Site Controller Health

View as Markdown

Use this playbook when the problem affects site-controller nodes, core NICo services, cloud sync, or shared infrastructure rather than a single managed host.

Site-controller nodes run the NICo control plane. They are not managed hosts.

Quick Health Checklist

$kubectl get nodes -o wide
$kubectl get pods -A
$kubectl get svc -A | grep LoadBalancer

Check critical namespaces for the site:

$kubectl get pods -n <nico-namespace>
$kubectl get pods -n postgres
$kubectl get pods -n vault

Node and Kubernetes Layer

SymptomWhat to check
node NotReadykubelet logs, cert renewal, node network, disk pressure.
node stuck after cert renewalrestart kubelet and API components; confirm certs on every control-plane node.
workload scheduling failurestaints, node pressure, image pull failures, storage class issues.

Core NICo Services

SymptomWhat to check
nico-api crash loopconfig TOML, database connectivity, TLS, required site fields.
DB connection failuresPostgres health, pool exhaustion, deadlocks, Patroni member state.
DHCP or PXE endpoint downnico-dhcp, nico-pxe, LoadBalancer IPs, MetalLB.
API TLS probe failurecertificate, LoadBalancer routing, DNS.
DNS downDNS pods, upstream resolver, endpoint probes.
SSH console unreachableSSH console pod and service routing.
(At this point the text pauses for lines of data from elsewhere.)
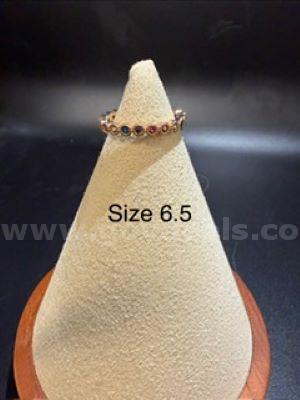 Ladies, Size 6 1/2, Real 24k Gold Filled, Rainbow CZ Wedding Band/Ring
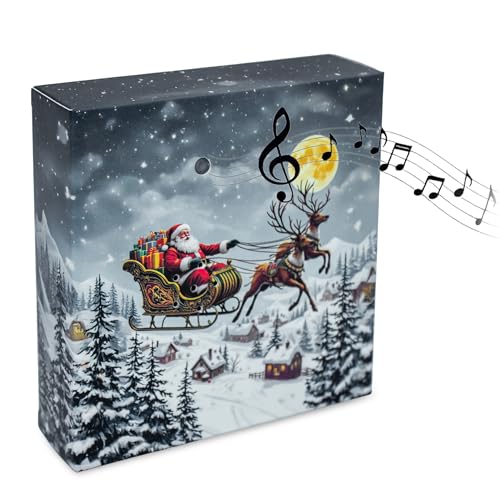 Weihnachts Soundbox mit Merry Christmas Melodie - 12 cm - Weihnachtsmusik Lautsprecher mit 3 m Bewegungsmelder - Weihnachten Advent Deko Musikbox Weihnachtslied Box mit Bewegungs Sensor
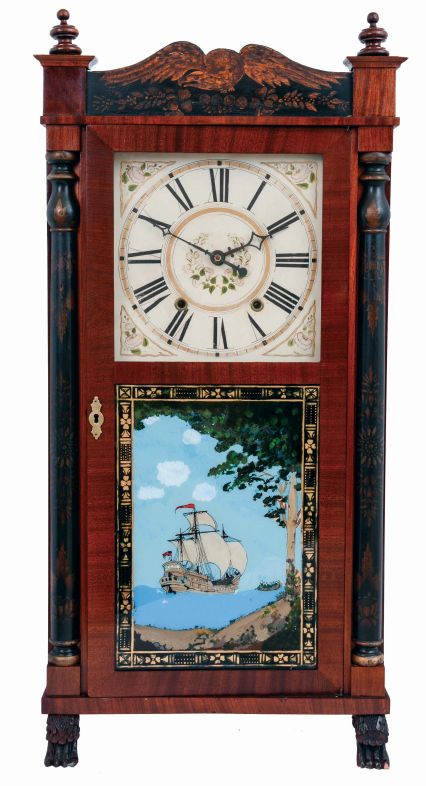 Boardman & Wells, Bristol, Conn., 30 hours, time and strike, weight driven wood movement, half column & splat shelf clock with paw feet, c1832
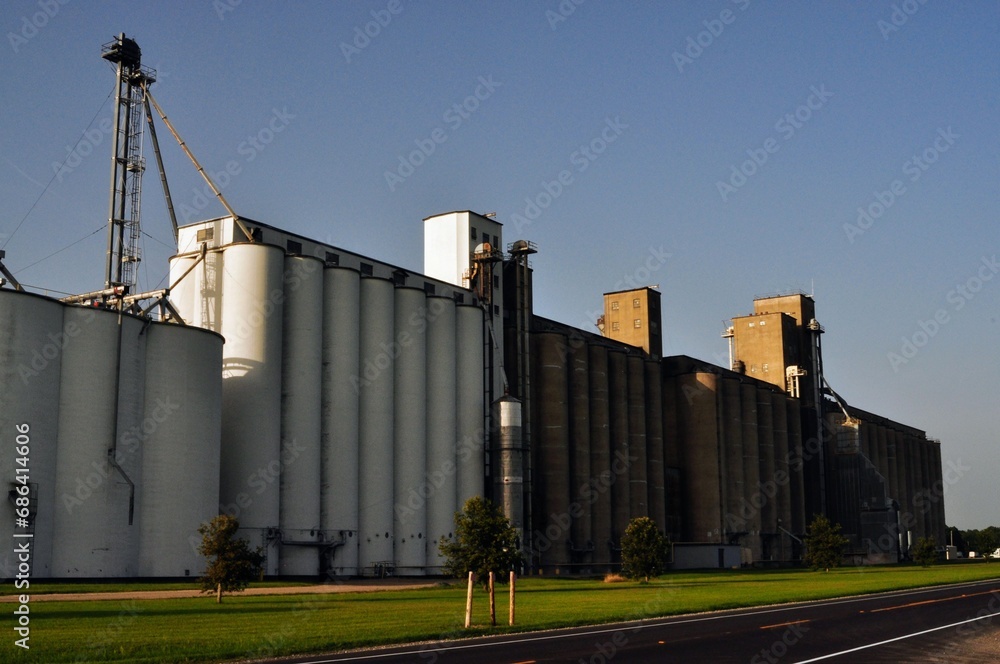 grain silos in the countryside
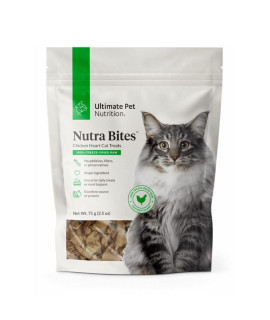 Ultimate Pet Nutrition Nutra Bites For Cats, Freeze Dried Raw Treats (Chicken Hearts)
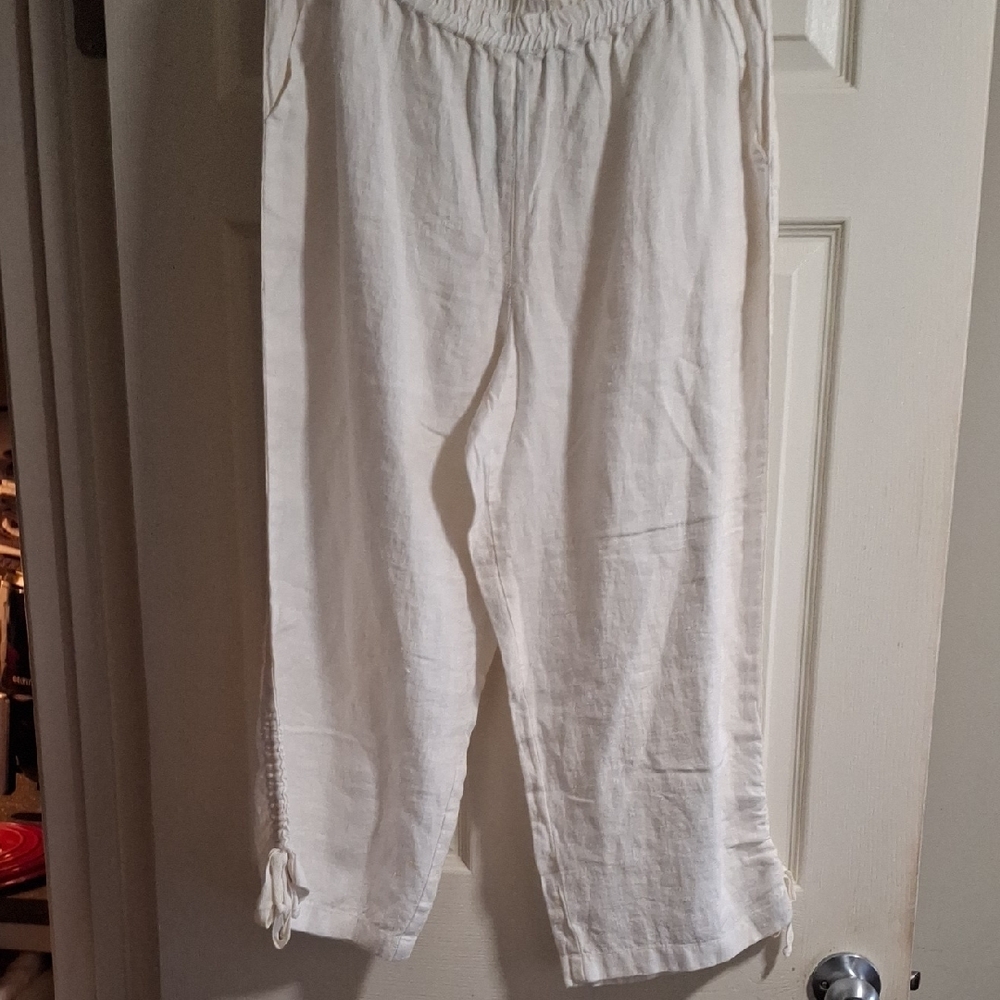 White Linen Crop Pants 100% Linen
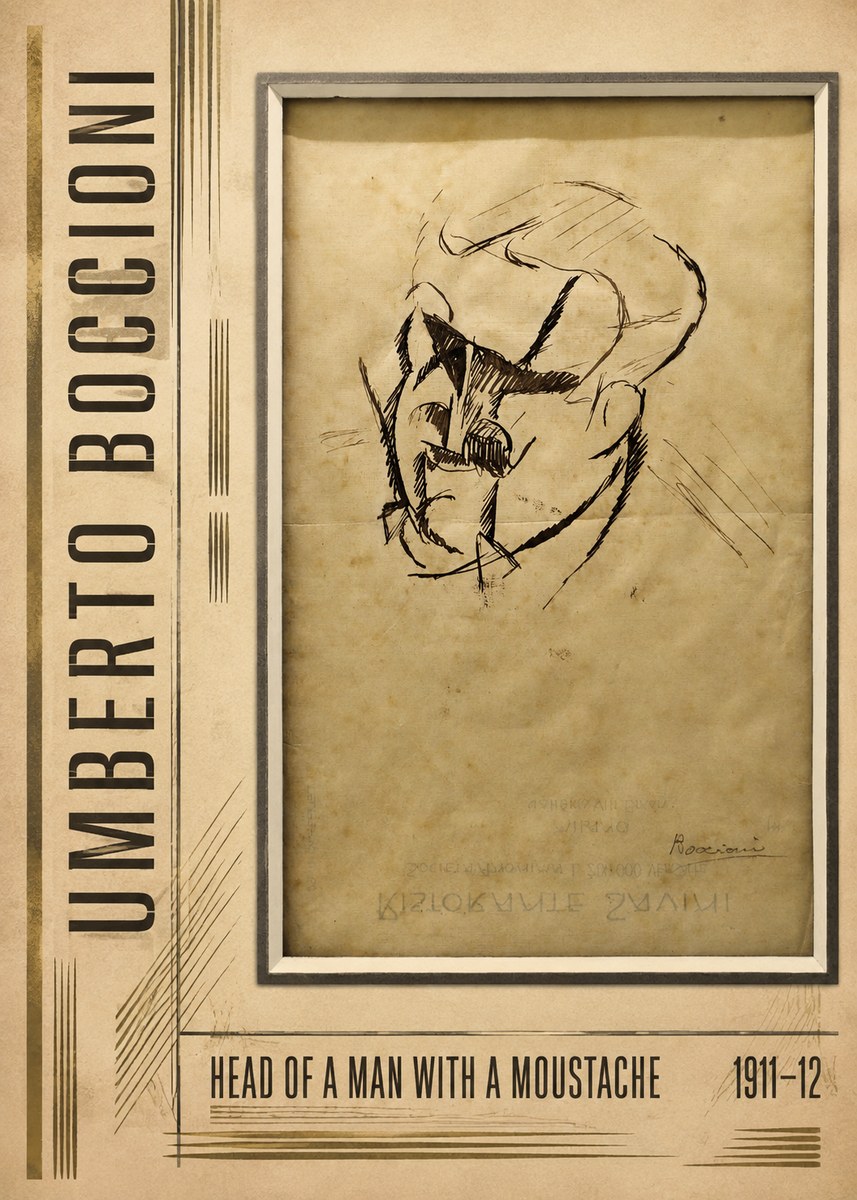 Umberto Boccioni Head of a Man with a Moustache No3 - Poszter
Postgres health needs more than kubectl get pods:

$kubectl -n postgres exec pod/<postgres-pod> -c postgres -- patronictl list

Control-Plane Networking

Check:

  • MetalLB BGP peers
  • IP pools
  • LoadBalancer services
  • FRR speaker status
  • DNS and service routing
$kubectl get svc -n <nico-namespace> | grep LoadBalancer

Site Agent and Cloud Sync

Cloud-to-site sync failures can make the cloud UI and site state disagree.

Check site-agent logs:

$kubectl logs -n <site-agent-namespace> -l app.kubernetes.io/name=<site-agent-label> | grep NicoClient

Common causes:

  • site agent cannot reach nico-api
  • mTLS cert projection problem
  • DNS cold-cache or startup race
  • cloud API connectivity issue
  • site agent crash loop

Upgrades and Configuration

For config or upgrade issues:

  • lint changed TOML where possible
  • confirm generated ConfigMaps contain expected values
  • confirm ArgoCD or deployment sync completed
  • confirm required secrets were projected

Certificate and Secret Rotation

Credential and certificate issues often surface as unrelated BMC, API, or probe failures.

Check:

  • Vault pod health
  • nico-api to Vault connectivity
  • certificate renewal on every control-plane node
  • projected secrets in affected pods
  • carbide_api_vault_requests_failed_total

The metric prefix may remain carbide_* even when the service is now named NICo.